Performance problem in AMD's Phenom II X6 under Linux
In many current Linux distributions, AMD's recently introduced desktop processors such as the hexa-core Phenom II X6 1090T don't reach their full performance potential because the kernel doesn't retrieve the correct processor frequencies from the ACPI tables – this confuses the kernel to such a degree that in many configurations the processor doesn't reach its nominal clock frequency.
Introduced with the hexa-core processors and identified via the "T" in the processor name, the Turbo Core feature is similar to Intel's "Turbo Boost": When individual processor cores are idle, other processor cores can run a bit faster to get their work done quicker without overtaxing the cooling system. The 1090T, which usually operates at 3.2 GHz, for instance, can temporarily run up to three of its cores at 3.6 GHz while the other three cores are idle.
Turbo Core and Turbo Boost interact with a system's power saving features, which clock down individual cores or the whole processor and decrease the voltage to reduce power consumption when a system is idle. Herein lies the problem with AMD's new processors in current Linux kernels: when their "Cool'n'Quiet" feature is enabled, Turbo Core processors no longer step up to their nominal speed, but operate at a slightly slower frequency.
The simplest workaround is to disable the "Cool'n'Quiet" feature. This requires users to fully disable the function in the board's BIOS set-up, or to instruct the kernel not to adapt clock speeds via cpufreq – the Fedora Linux distribution allows users to do this by stopping the "cpuspeed" daemon, while other distributions require users to blacklist the powernow-k8 kernel module, which is responsible for cpufreq in modern AMD CPUs. However, disabling the power saving features can increase an idle system's power consumption by 10 to 20 watts.
AMD's in-house kernel developers have recently become aware of this problem. The issue is to be solved through changes already submitted to the kernel developers for inspection in March.
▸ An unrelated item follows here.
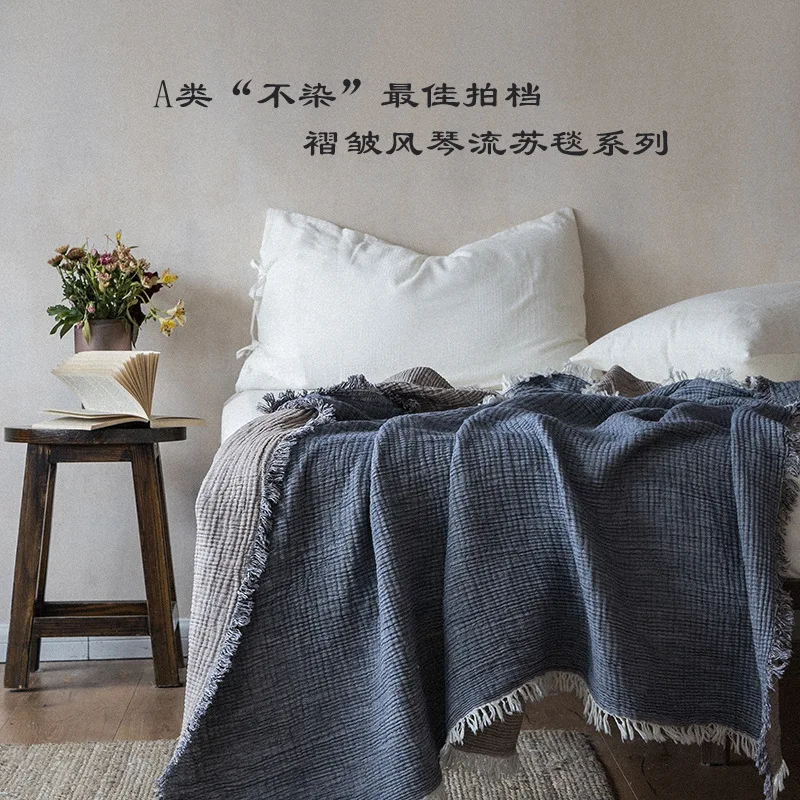 Экспортируемое в Японию хлопковое летнее одеяло из чистого хлопка дышащее одеяло для отдыха одно двойное тонкое одеяло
These changes are to provide adequate Turbo Core support under Linux and will probably be integrated into Linux 2.6.35. According to the AMD employees, however, only one of the patches is actually required to fix the performance problem. This recent disclosure has caused this patch, which only modifies one line of source code, to be scheduled for prompt integration into Linux kernel 2.6.34, which is currently still in development. Integration of the patch into the currently maintained Stable Series kernels is also planned, but it is currently hard to say when the new versions in the 2.6.32.x and 2.6.33.x Linux kernel series containing this modification will be released. AMD's developers are also in touch with the developers of various other distributions so the patch can be integrated into the kernels deployed via these distributions' update features.
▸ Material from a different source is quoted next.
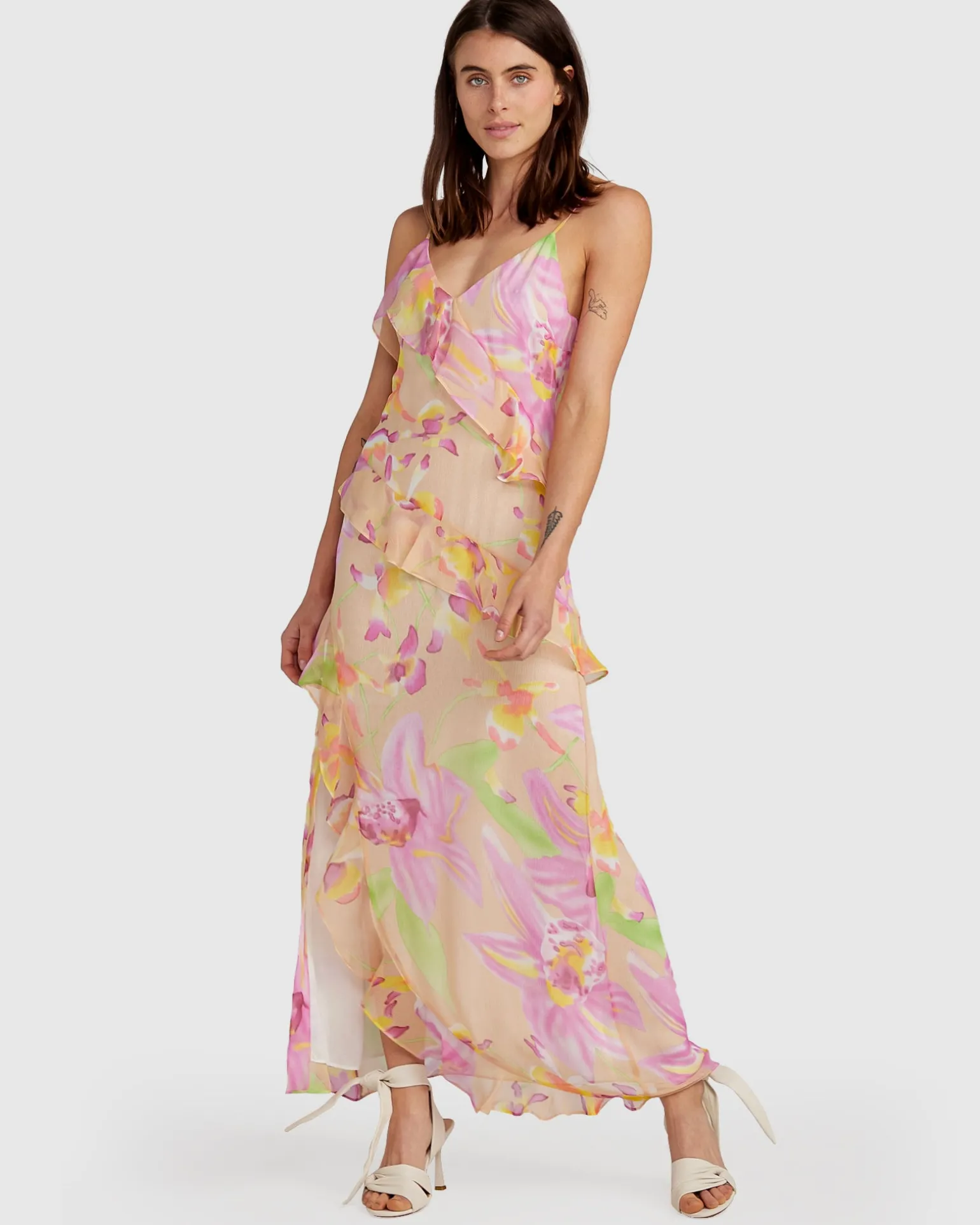Belle & Bloom Maxi Dresses | Maxi Dresses>Ocean Eyes Limited Edition SILK Maxi Dress -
Update: Linux Torvalds has now integrated the one line patch to fix frequency reporting into the 2.6.34 Linux kernel main development branch.
Several tests with a release candidate of Fedora 13 and various kernels that are based on Linux kernel 18.104.22.168-57.fc13.x86_64, which comes with the distribution by default, demonstrate the effects of the problem as well as those of the kernel patches. To compile Linux 2.6.25 with a maximum of twelve processes ("make -j 12 bzImage") in standard configuration ("make defconfig") using the "kcbench" bench mark, a test system with Phenom II X6 1090T required approximately 75 seconds. Compilation was about 20 seconds faster after Cool'n'Quiet was disabled via the BIOS set-up or by stopping cpuspeed. However, a kernel self-compiled with the aforementioned patch that only modifies one line required 59 seconds with cpuspeed enabled – that's four seconds more. On the other hand, with a kernel that included all six changes in the patch series created for 2.6.34 and cpuspeed enabled, compilation only took about 52.5 seconds. (thl)